Natürlich trugen die Rennerfolge ihren Teil zu dem Erfolg des ersten wirklich sportlichen Mercedes bei. Insgesamt betrachtet, machte es aber die gekonnt in Szene gesetzte Mischung aller Eigenschaften dieser Fahrzeuge aus. Ein Mercedes, mit Tugenden wie Solidität und Wertbeständigkeit versehen, wurde somit zum Erfolg geführt. Technisch anspruchsvoll und in dieser Disziplin vorreitend wie eigentlich alle Mercedes der Firmengeschichte.

Gerade die 16-Ventil Modelle des 190er ließen zu, dass die Stuttgarter Nobelmarke auch von der sportlichen Seite her betrachtet wurde und bis heute wird.

 

Erinnerungen bleiben – geprägt von perfekten Momenten mit einem besonderen Automobil

Mit Autos ist es manchmal wie mit Menschen. Den Besonderen begegnet man wahrscheinlich nur einmal im Leben. Im Falle des 190E 2,3-16 entwickelte sich für mich Anfangs der Eindruck von den Sportkarositzen fast schon zangenartig eingebettet worden zu sein. Oder dass ich durch den damals neuartigen Hub-Scheibenwischer den Regen anders wahrnahm.

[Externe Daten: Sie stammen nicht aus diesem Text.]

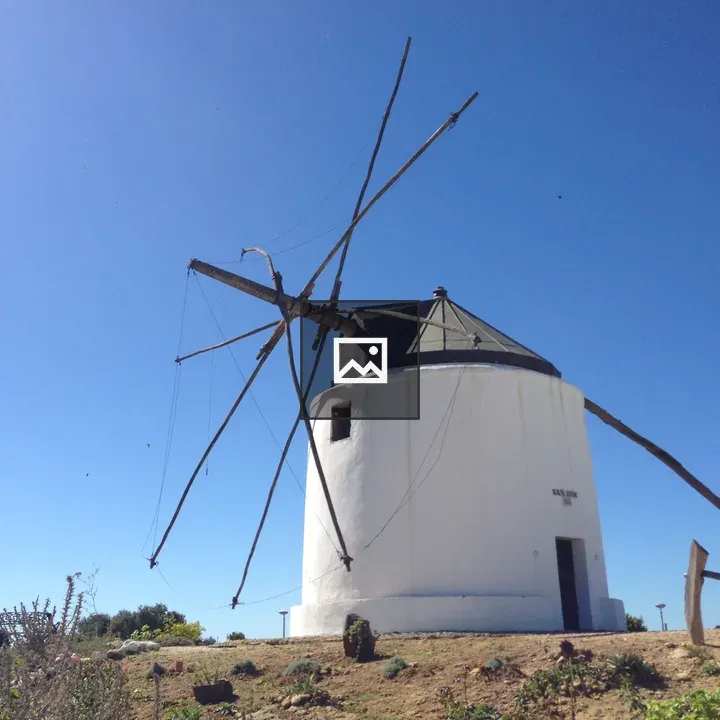 Windmill in Vejer de la Frontera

Die Leistung dieses Fahrzeuges im Sportdress ließen mich oft voller Vorfreude auf die Dunkelheit warten. Aber genau derartige Augenblicke waren die perfekten Momente.

Momente, die dieses Auto zu dem erwähnten, Besonderen machten.

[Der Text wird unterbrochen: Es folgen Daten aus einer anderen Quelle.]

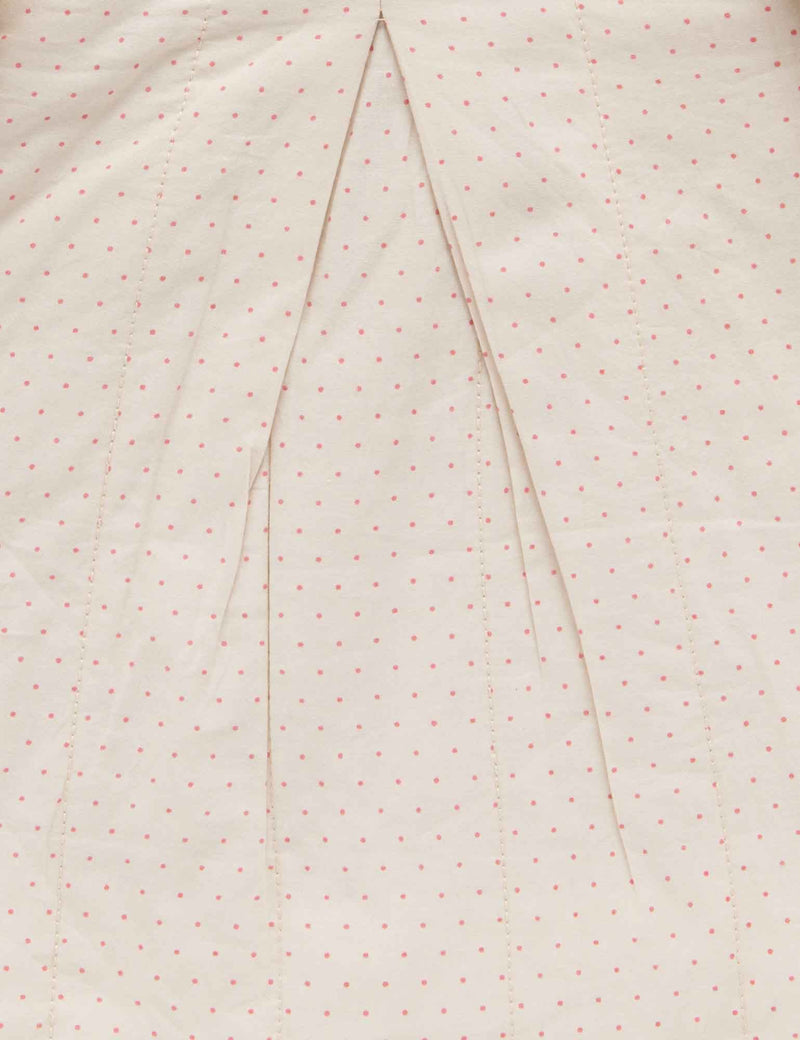 A-Line Princess Coat - ECRU MELANGE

Mercedes-Benz 190er-Modellreihe

Dennoch können diese Zeilen nicht ansatzweise das wiedergeben, was ich damals durch den sportlich ausgerichteten Baby-Benz gefühlt und erlebt habe.

Für den Autohersteller Mercedes läutete dieses Modell eine Zeitenwende ein. Es setzte ein Zeichen, welches die Freunde anderer Marken aufsehen ließ. Sie richteten plötzlich den Blick auf dieses Modell.